In the month marking Columbus Day, we trace some of the city’s Spanish connections on wide-ranging fronts

Mumbai se Madrid, Bombay se Barcelona

Amin Sheikh and his wife Sara Mampel Vallve at Bombay to Barcelona Library Cafe in Marol. PIC/SAYYED SAMEER ABEDI

Meher MarfatiaFrom conquistadors and colonisers during the Age of Discovery, to traders, priests and socio-cultural contributors in their country of adoption, the Spanish bond with Bombay has stayed special and close in a variety of ways.

When Columbus conquered Parel Say “Hola” to a fascinating part of Espana midtown. In the heart of quintessentially Maharashtrian Parel — specifically Naigaon in Dadar East — stand La Nina, La Santa Maria and La Pinta. How did Christopher Columbus’ historic ships come to christen these four-storey buildings near Bhoiwada police station?


Advocate Charmaine Bocarro from La Nina, one of a trio of Bhoiwada buildings interestingly named after Columbus’ historic ships; Tile detail of a ship from the adventurer’s voyages ­— commemorated as Columbus Day on October 13 — in the entranceway of the building La Pinta. File pics/ATUL KAMBLE
Advocate Charmaine Bocarro from La Nina, one of a trio of Bhoiwada buildings interestingly named after Columbus’ historic ships; Tile detail of a ship from the adventurer’s voyages ­— commemorated as Columbus Day on October 13 — in the entranceway of the building La Pinta. File pics/ATUL KAMBLE



Erected in 1937-38 alongside rowed chawls for mill mazdoors, the trio of blocks accommodated St Xavier’s College staff. Spanish priests of that institution were fired by the spirit inspiring Columbus to helm four Spanish transatlantic maritime voyages to the Americas. The seminary in Parel from 1936, till it got shifted to Goregaon, cemented Bombay’s Jesuit-fostered education. 

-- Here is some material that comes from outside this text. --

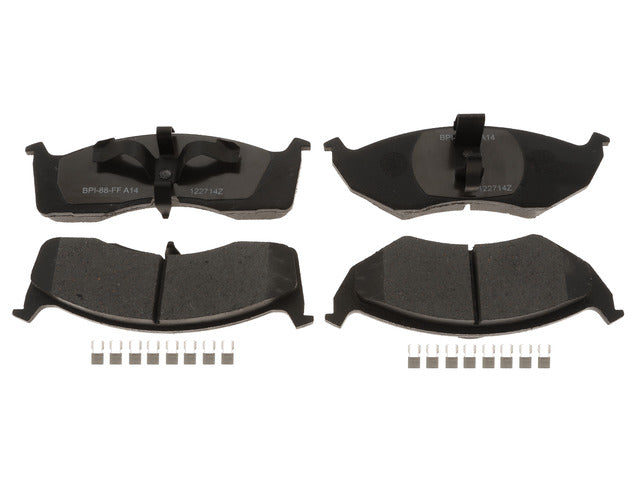Raybestos Brakes Disc Brake Pad Set  MGD730ACH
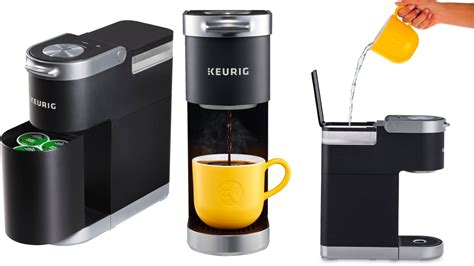 Keurig's K-Mini Plus is great for tight spaces at 5-inches wide: $68 (30% off)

Advocate Charmaine Bocarro of La Nina directs me to neighbours with colourful anecdotes about cops and conquerors. A floor above her lived Khashaba Jadhav, the freestyle wrestler winning independent India the first individual Olympic medal, a bronze at the 1952 Summer Games in Helsinki, at age 27. Stung by the unfairness with which he was initially overlooked for the 1952 squad, Jadhav bagged rightful inclusion on petitioning the Maharaja of Patiala, a wrestling buff himself.

The Burma teak balustrades and banisters reveal delightful details. Fading tiles lining the entrance corridor of La Pinta are illustrated with ships on foaming waves, surrounded by seagulls and fleecy clouds. As a longtime resident says, “Once the three jewels of Parel, these buildings boast embellishments and grilles today’s masons cannot master.”  

Standing with free Spain

It was a battle waged on Iberian soil. But progressive political and literary stalwarts like Nehru, Tagore, VK Krishna Menon and Mulk Raj Anand viewed the 1936-39 Spanish Civil War (when military fascists and right-wing conservatives led a bloody coup against Spain’s elected leftists) as a trailer that envisioned independent India a decade later. 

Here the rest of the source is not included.